• What you have to do: A single number is required: how many lines in the data below contain "with".

• Data extract:
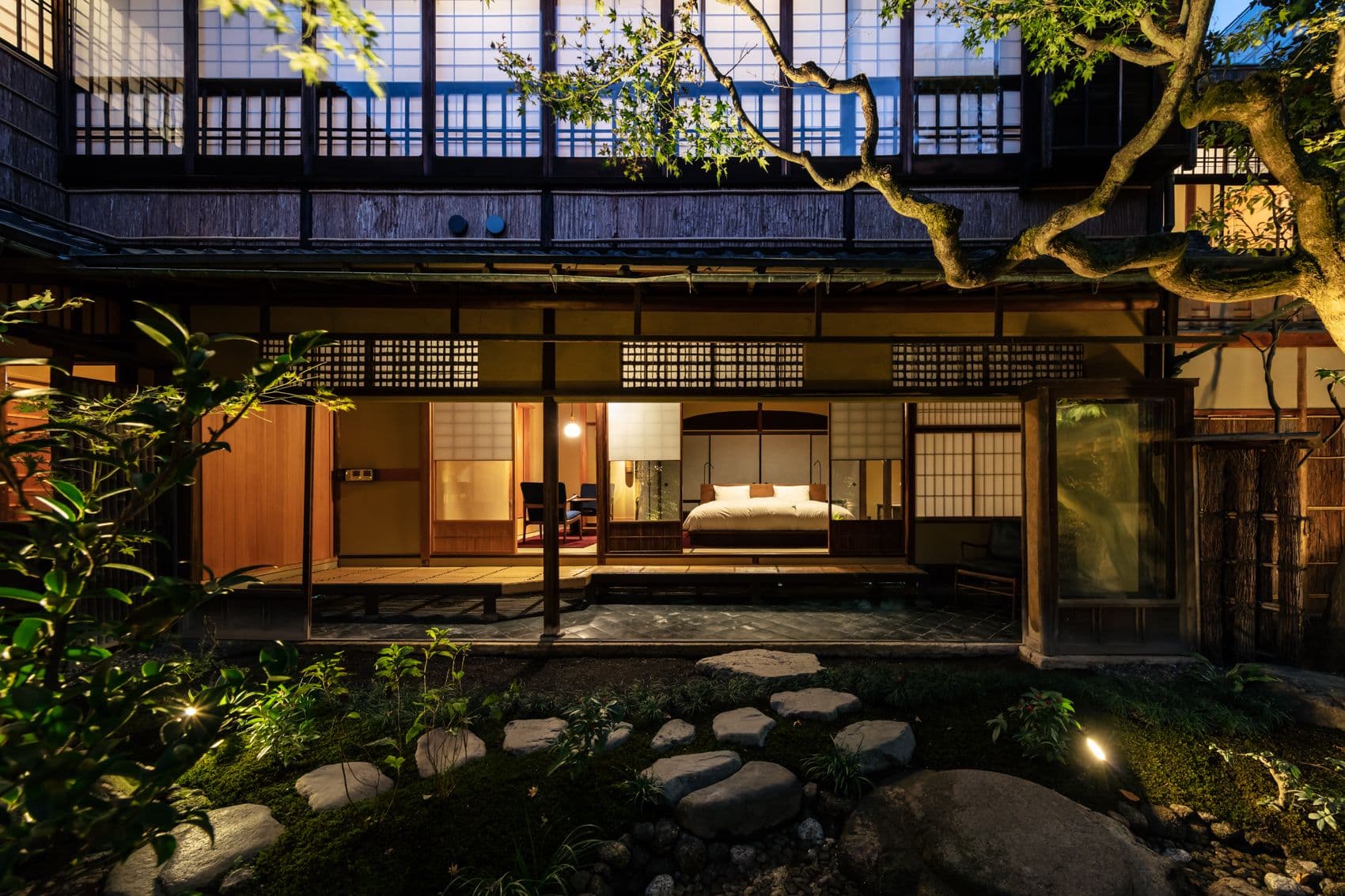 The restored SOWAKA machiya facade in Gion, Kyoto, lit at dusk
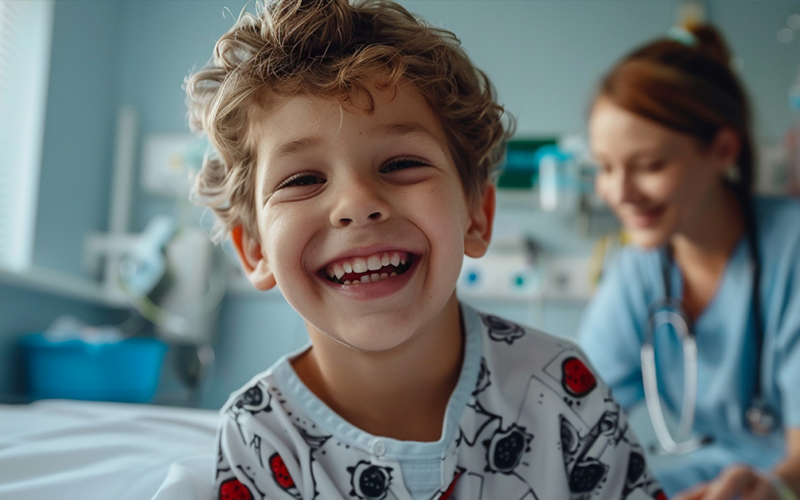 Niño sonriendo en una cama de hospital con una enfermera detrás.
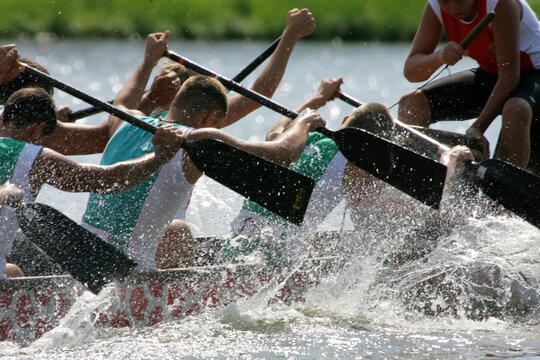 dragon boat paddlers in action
...
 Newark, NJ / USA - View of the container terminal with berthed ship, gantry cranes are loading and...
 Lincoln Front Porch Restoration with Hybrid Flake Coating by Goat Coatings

• Answer space: 2